“In an ambulance. Accident. Blood.”
That’s it. A cryptic five-word text. Nothing further.
She had traveled a long distance to be with her little grandbabies.
It wasn’t like it was a big deal really. Tour their school; smile often; hug breathlessly; say how much she really loved the drum performance.
The big deal though for the grandbabies of course was that grandma was there.
It was so hard when it came time to leave.
Without warning the windshield imploded with shards of glass penetrating her clothing.
Flecks of blood splattered the dash, a pinkish hue of rain mixed with blood dripped onto the floor of the car.
For what would seem like hours there would be nothing additional, no texts, no phone calls, nothing.
Only those five words.
“In an ambulance. Accident. Blood.”
The impact of the deer with the windshield of the car would leave the animal’s carcass on that mountain pass.
The impact of her words in her cryptic message would reverberate in her mind like sticks on a drum in the days ahead during her recovery.
“In an ambulance. Accident. Blood.”
There are another five words that are absolutely critical to our future given these five words are so important to our past.
If the incessant beat of the drum of crisis is to become a drum roll of celebration these five words are not, however, what is said, but what is not said.

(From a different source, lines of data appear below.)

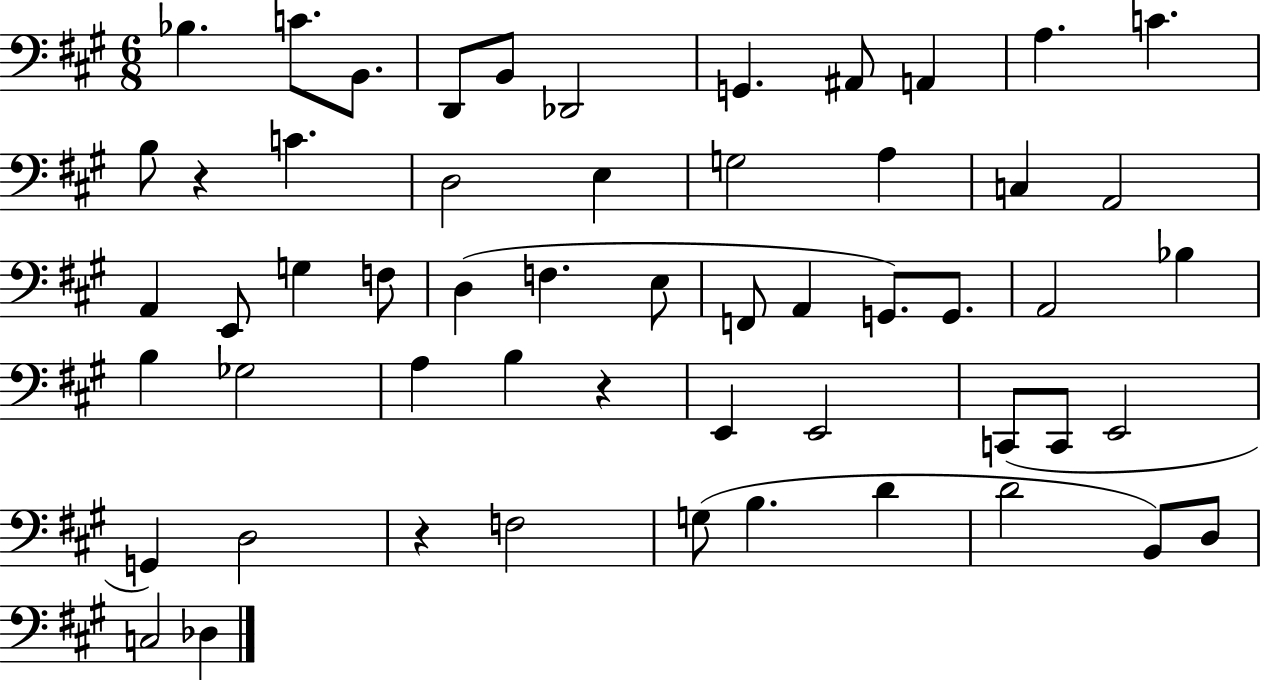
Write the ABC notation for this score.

X:1
T:Untitled
M:6/8
L:1/4
K:A
_B, C/2 B,,/2 D,,/2 B,,/2 _D,,2 G,, ^A,,/2 A,, A, C B,/2 z C D,2 E, G,2 A, C, A,,2 A,, E,,/2 G, F,/2 D, F, E,/2 F,,/2 A,, G,,/2 G,,/2 A,,2 _B, B, _G,2 A, B, z E,, E,,2 C,,/2 C,,/2 E,,2 G,, D,2 z F,2 G,/2 B, D D2 B,,/2 D,/2 C,2 _D, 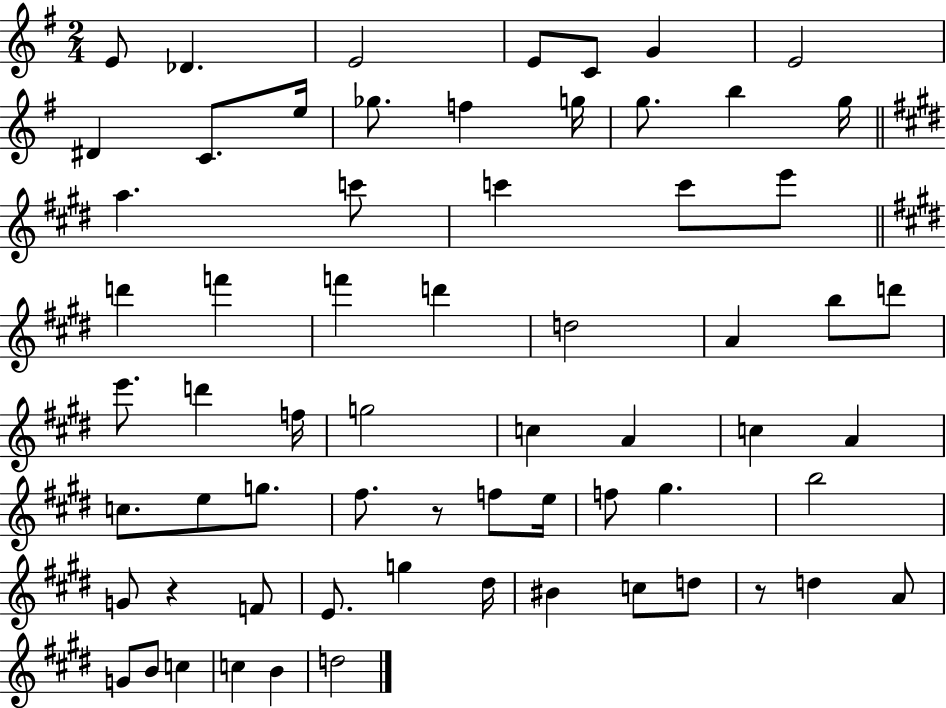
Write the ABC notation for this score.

X:1
T:Untitled
M:2/4
L:1/4
K:G
E/2 _D E2 E/2 C/2 G E2 ^D C/2 e/4 _g/2 f g/4 g/2 b g/4 a c'/2 c' c'/2 e'/2 d' f' f' d' d2 A b/2 d'/2 e'/2 d' f/4 g2 c A c A c/2 e/2 g/2 ^f/2 z/2 f/2 e/4 f/2 ^g b2 G/2 z F/2 E/2 g ^d/4 ^B c/2 d/2 z/2 d A/2 G/2 B/2 c c B d2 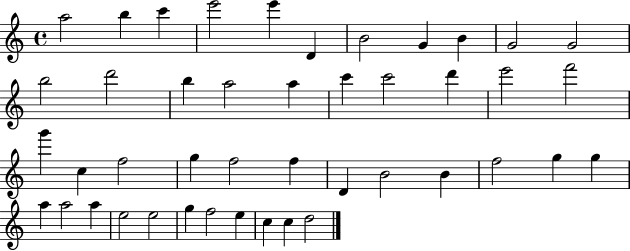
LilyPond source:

{
  \clef treble
  \time 4/4
  \defaultTimeSignature
  \key c \major
  a''2 b''4 c'''4 | e'''2 e'''4 d'4 | b'2 g'4 b'4 | g'2 g'2 | \break b''2 d'''2 | b''4 a''2 a''4 | c'''4 c'''2 d'''4 | e'''2 f'''2 | \break g'''4 c''4 f''2 | g''4 f''2 f''4 | d'4 b'2 b'4 | f''2 g''4 g''4 | \break a''4 a''2 a''4 | e''2 e''2 | g''4 f''2 e''4 | c''4 c''4 d''2 | \break \bar "|."
} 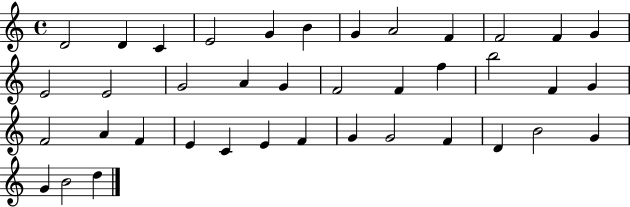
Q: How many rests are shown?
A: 0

“I have no experience with that.”
These were the five words David said in response to the offer of armor with which to fight Goliath.
“I have no experience with that.”
That’s what David said. But what David was not saying was that what he had experienced, that with which he was familiar, the previous battles in which he had engaged, yes, those experiences would serve him well now.
It is what we have experienced – “ambulance, accident, blood” – that though painful, ugly, devastating, these experiences become our preparation, our drum roll of introduction for the opportunity that comes next.